Nuclear War on the Indian subcontinent

Actually the Scientific American article in question, which can be found in his entirety here, states that you'd see a global nuclear winter lasting up to ten years, and that the soot/dust/smoke cloud would cover the globe within a little under a month.

Even a 'limited' nuclear exchange still = nuclear winter/nuclear holocaust.
 
I don't know about that. When I right into this subject 5 years ago Pakistan only had about 35-40 warheads and India about 75, Wiki has them both at about 100 today but I'm dubious. Assuming India keeps a few warheads in reserve for China a full-on nuclear war in 2005 would see 100 warheads used, which is about what were tested in 1958 and far less than the 140 which were tested in 1962. Of course tests are done differently than actuall use, which would result in much greater fall out in a much more compact area. But 1958 tests were laregly atmospheric and didn't cause a nuclear winter, nor would an India-Pakistan exchange.
 
Actually the Scientific American article in question, which can be found in his entirety here, states that you'd see a global nuclear winter lasting up to ten years, and that the soot/dust/smoke cloud would cover the globe within a little under a month.
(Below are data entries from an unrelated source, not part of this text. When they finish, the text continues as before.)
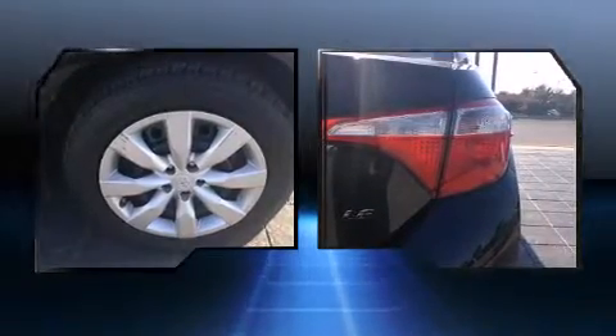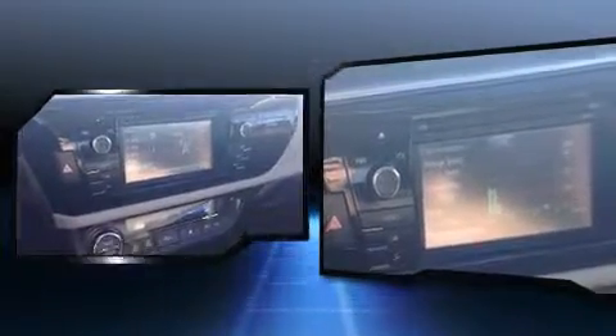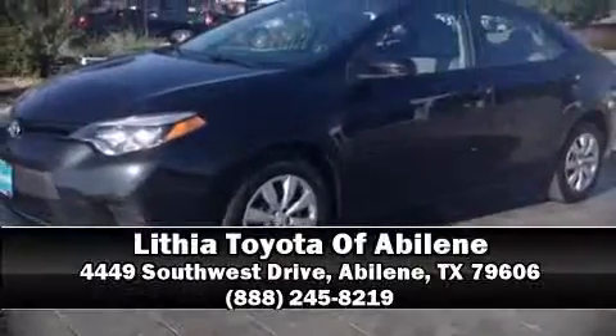Brake assist technology provides extra pressure when applying the brakes. This vehicle has achieved certified pre-owned status by passing Toyota's comprehensive certification process. Our sales staff will help you find the vehicle that you've been searching for — please don't hesitate to give us a call.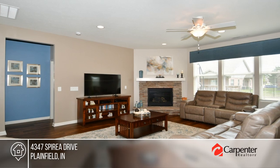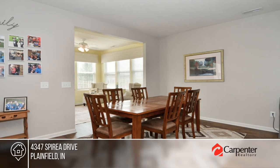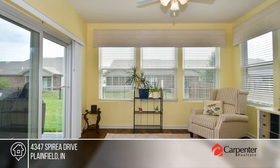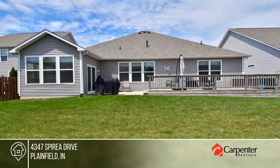Looking for a ranch with all the space and features you've been craving? Look no further. This sprawling 2,460 square foot home offers an open concept great room and a spacious kitchen with ample storage, plus a dining room and a sunroom. There are three bedrooms and three baths, as well as an office. Spend time outdoors on the large deck overlooking the fully fenced backyard.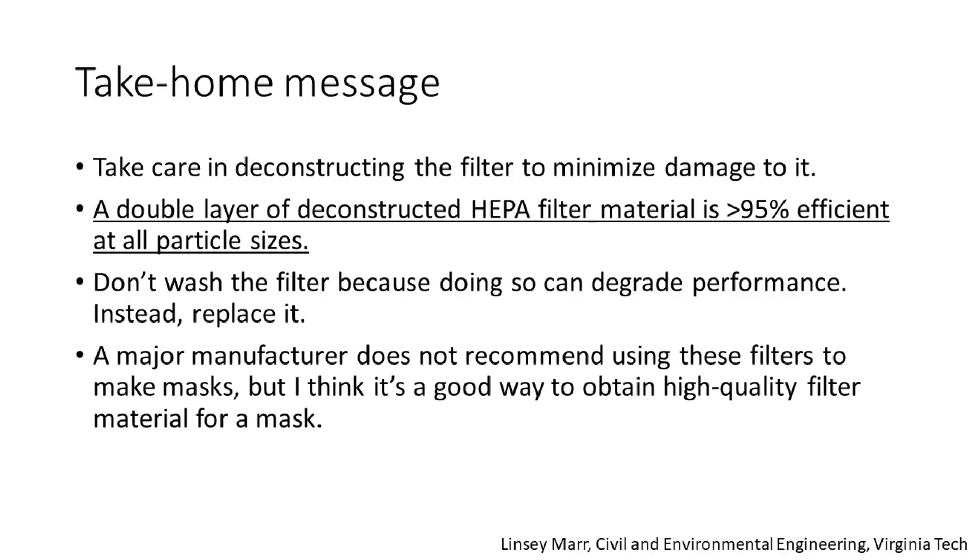Here's the take-home message from this demonstration. First, take care in deconstructing the filter to minimize damage to it. Second, a double layer of deconstructed HEPA filter material is greater than 95% efficient at all particle sizes, but you still need to ensure an excellent fit of your mask, and the filter material should span the entire area of your mask. Third, don't wash the filter because doing so can degrade performance — instead replace it.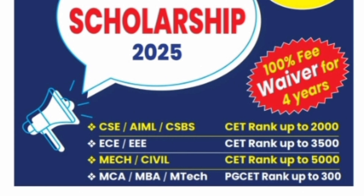Similarly, for PG programs covering MCA, MBA, and MTECH — all three programs — if you are getting a PGCET rank up to 300 and you are going for BMS Institute of Technology and Management, then you are going to get a 100% waiver applicable for all four years. Please note that there will be no tuition fee waiver for students coming through Comet K, because Comet K is for the private management seat. These fee waivers or scholarships are only for merit-based admissions through KCET or the PGCET ranking basis.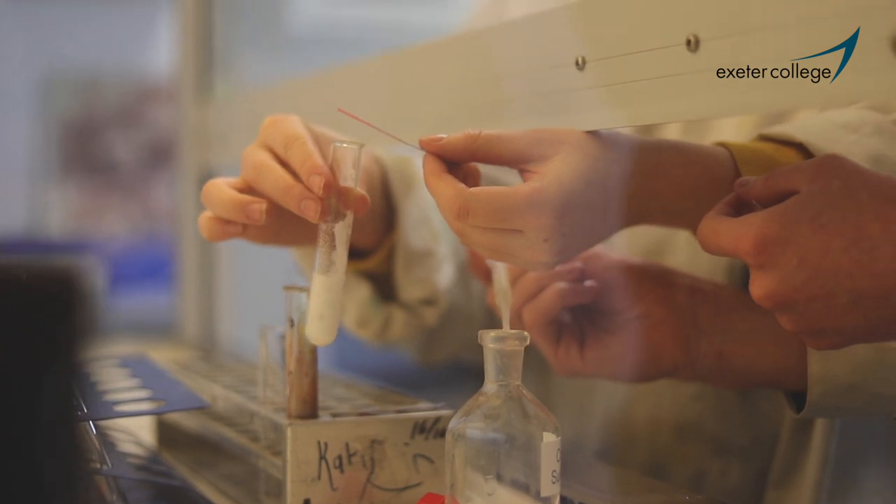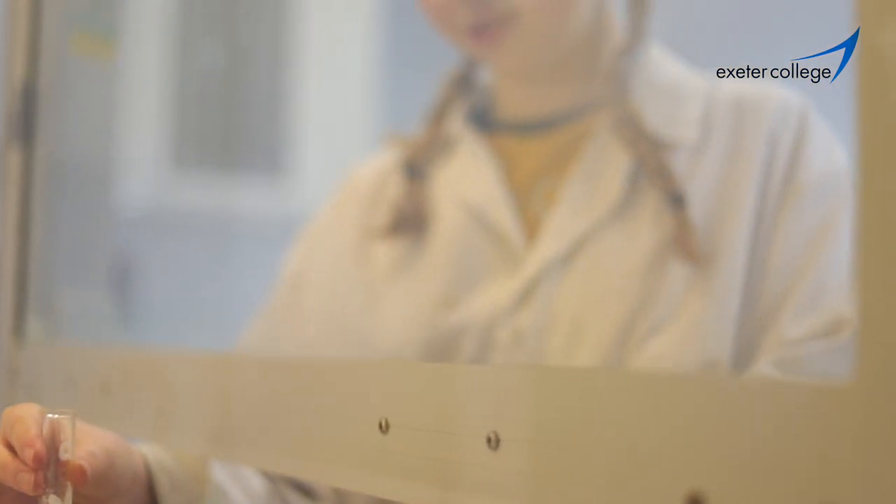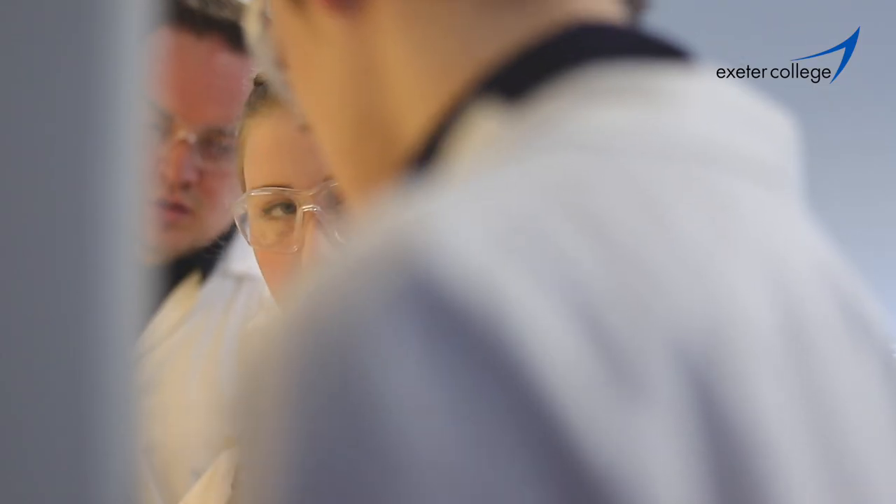Chemistry is essentially the unapplied science where we look at molecules and compounds reacting with each other. It has applications in biology, physics, and a lot of other sciences as well.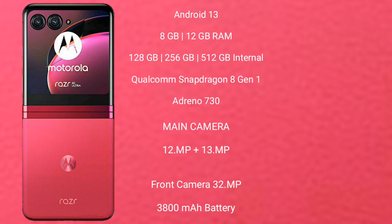Motorola RAZR 40 Ultra features a dual-camera setup of 12MP plus 13MP, and its front camera is 32MP. It has a 3800mAh battery with 30W fast charging support.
Even a 'limited' nuclear exchange still = nuclear winter/nuclear holocaust.
I read one in 2006 or thereabouts, so thats where I got my facts, and I could be wrong about how long the cooling effect would last, it might have been under 5, but each year would be warmer.
After reading the article I think they're exaggerating. They said something similar about the Kuwait oil fires, and while the climate sucked in the Middle East for a short time, it wasn't the worldwide disaster a lot of scientists claimed would happen.
 

Thande

Donor
Nuclear winters have generally been exaggerated, or people assume that just because there would be a nasty one from a full apocalyptic US-Soviet nuclear war, there would be one from much smaller nuclear exchanges. If you take some of these claims seriously, we'd have been in another Ice Age by about 1958 considering the number of nuclear tests at the time.
 
Nuclear winters have generally been exaggerated, or people assume that just because there would be a nasty one from a full apocalyptic US-Soviet nuclear war, there would be one from much smaller nuclear exchanges. If you take some of these claims seriously, we'd have been in another Ice Age by about 1958 considering the number of nuclear tests at the time.

As much as I admired and continue to admire Carl Sagan, I remember asking myself this exact question back when he was pushing the nuclear winter notion. The fact that it was so widely accepted and so little criticized at the time is one of those "things that make you go hmmmm."
 
The concept of a nuclear exchange has intrigued me. According the the West Wing, the Pakistanis and Indians do not share the western fear of the bomb. If that is indeed true, it could make exchange more likely.
You've gotta be careful about believing TV too much; they do need ratings, of course, unlike reality. I don't believe it, because they'v've been at nuclear war already if MAD didn't hold there.

The West Wing also told us there'd be public panic if Mad Cow disease reached the US. But, contrary to my hopes (I was poor then), the price of beef didn't budge a penny.